Suppose, we have \(W\) pseudo-samples \(Y^*_p\) obtained from \(\hat{F}\) and let \(\{\hat{\theta }^{p*}_k(i),\, i=1,2,\ldots ,W\}\) denote the set of \(W\) bootstrap replications of \(\hat{\theta }_k\). We define the bootstrapped likelihood quasi-CV (BQCV) criterion as follows:

$$\begin{aligned} \mathrm{BQCV} = \mathrm{E}_{p*}\left\{ -2\log f(Y|\hat{\theta }_k^{p*})\right\} , \end{aligned}$$

where \(\mathrm{E}_{p*}\) is the expected value with respect to the distribution of \(Y^*_p\).
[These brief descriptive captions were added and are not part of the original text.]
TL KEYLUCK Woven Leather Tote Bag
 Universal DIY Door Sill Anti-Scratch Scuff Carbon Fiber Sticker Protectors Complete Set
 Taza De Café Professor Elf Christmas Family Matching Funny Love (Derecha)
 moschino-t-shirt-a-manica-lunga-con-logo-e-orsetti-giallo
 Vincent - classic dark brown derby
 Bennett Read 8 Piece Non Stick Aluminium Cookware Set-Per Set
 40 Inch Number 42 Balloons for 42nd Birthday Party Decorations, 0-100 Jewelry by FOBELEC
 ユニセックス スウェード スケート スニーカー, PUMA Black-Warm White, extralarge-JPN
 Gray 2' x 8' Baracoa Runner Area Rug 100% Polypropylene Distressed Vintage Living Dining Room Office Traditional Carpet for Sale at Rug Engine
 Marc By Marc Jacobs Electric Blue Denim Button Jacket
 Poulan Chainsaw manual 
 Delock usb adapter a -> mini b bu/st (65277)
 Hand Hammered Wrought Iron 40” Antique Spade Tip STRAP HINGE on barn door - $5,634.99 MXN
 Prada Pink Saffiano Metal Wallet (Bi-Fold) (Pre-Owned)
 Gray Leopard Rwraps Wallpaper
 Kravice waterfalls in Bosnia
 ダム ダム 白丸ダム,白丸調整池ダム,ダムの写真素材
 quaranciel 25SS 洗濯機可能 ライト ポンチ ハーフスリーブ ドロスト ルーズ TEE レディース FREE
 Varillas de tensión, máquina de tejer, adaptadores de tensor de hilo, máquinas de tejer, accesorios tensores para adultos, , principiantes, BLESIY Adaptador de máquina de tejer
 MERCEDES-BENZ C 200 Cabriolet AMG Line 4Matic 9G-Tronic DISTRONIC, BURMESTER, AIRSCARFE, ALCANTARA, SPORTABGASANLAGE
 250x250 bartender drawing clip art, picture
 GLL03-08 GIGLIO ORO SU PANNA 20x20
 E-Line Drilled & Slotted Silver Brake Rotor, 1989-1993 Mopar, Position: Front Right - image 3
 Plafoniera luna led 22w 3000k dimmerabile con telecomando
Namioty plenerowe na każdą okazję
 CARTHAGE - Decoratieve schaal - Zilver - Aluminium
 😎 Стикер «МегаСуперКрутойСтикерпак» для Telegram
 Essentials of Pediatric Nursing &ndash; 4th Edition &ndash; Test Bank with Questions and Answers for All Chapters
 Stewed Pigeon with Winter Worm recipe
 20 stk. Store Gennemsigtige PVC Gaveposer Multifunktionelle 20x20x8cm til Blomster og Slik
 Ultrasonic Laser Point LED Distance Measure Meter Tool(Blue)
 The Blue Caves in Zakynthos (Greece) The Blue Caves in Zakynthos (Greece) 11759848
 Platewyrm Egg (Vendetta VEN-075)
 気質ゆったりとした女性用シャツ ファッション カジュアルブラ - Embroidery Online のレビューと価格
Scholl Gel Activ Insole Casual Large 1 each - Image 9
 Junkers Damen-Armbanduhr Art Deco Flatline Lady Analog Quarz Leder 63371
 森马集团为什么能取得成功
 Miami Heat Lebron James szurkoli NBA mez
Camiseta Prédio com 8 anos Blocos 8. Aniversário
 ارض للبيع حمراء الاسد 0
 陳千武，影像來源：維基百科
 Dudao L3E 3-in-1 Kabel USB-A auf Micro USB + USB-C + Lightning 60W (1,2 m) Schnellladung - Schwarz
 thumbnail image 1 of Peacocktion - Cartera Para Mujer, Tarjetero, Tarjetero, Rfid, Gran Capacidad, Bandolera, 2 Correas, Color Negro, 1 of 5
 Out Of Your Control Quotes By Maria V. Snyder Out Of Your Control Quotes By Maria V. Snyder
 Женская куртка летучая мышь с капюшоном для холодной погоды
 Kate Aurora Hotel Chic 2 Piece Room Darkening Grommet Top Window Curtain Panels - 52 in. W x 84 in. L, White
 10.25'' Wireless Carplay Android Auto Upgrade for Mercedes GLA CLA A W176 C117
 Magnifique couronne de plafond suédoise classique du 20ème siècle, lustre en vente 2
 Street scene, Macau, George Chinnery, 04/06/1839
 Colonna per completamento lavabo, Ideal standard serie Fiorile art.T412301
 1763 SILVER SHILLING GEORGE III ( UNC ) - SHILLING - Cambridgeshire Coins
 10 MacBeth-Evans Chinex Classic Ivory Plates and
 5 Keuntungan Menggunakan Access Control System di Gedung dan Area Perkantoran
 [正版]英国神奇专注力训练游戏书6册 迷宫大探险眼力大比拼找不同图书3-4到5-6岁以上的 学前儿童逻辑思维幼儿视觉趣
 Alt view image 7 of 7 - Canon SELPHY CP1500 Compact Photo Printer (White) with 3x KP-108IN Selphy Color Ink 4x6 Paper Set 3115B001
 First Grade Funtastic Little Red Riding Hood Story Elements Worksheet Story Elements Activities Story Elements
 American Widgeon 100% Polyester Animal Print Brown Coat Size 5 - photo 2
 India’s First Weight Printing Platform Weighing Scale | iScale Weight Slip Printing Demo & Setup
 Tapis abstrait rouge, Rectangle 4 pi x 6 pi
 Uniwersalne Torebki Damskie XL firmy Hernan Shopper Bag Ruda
It follows from the strong law of large numbers that

$$\begin{aligned} \frac{1}{W}\sum _{i=1}^{W}\left\{ -2\log f(Y|\hat{\theta }_k^{p*}(i))\right\} \xrightarrow [W \rightarrow \infty ]{a.s.} \mathrm{E}_{p*}\left\{ -2\log f(Y|\hat{\theta }_k^{p*})\right\} , \end{aligned}$$

where \(\xrightarrow {a.s.}\) denotes almost sure convergence.

The computation of BQCV can be performed as follows:

  1. 1.

    Estimate \(\theta \) using the sample \(Y=(y_1,\ldots ,y_n)\);

  2. 2.

    Generate \(W\) pseudo-samples \(Y^*_p\) from \(\hat{F}\);

  3. 3.

    For each \(Y^*_p(i)\), \(i=1,\ldots ,W\), compute \(\hat{\theta }^{p*}_k(i)\) and \(-2\log f(Y|\hat{\theta }_k^{p*}(i))\);

  4. 4.

    Using the \(W\) replications of \(-2\log f(Y|\hat{\theta }_k^{p*})\) compute

$$\begin{aligned} \mathrm{BQCV} = \frac{1}{W}\sum _{i=1}^{W}\left\{ -2\log f(Y|\hat{\theta }_k^{p*}(i))\right\} . \end{aligned}$$

Based on pilot simulations, we recommend using \(W=200\).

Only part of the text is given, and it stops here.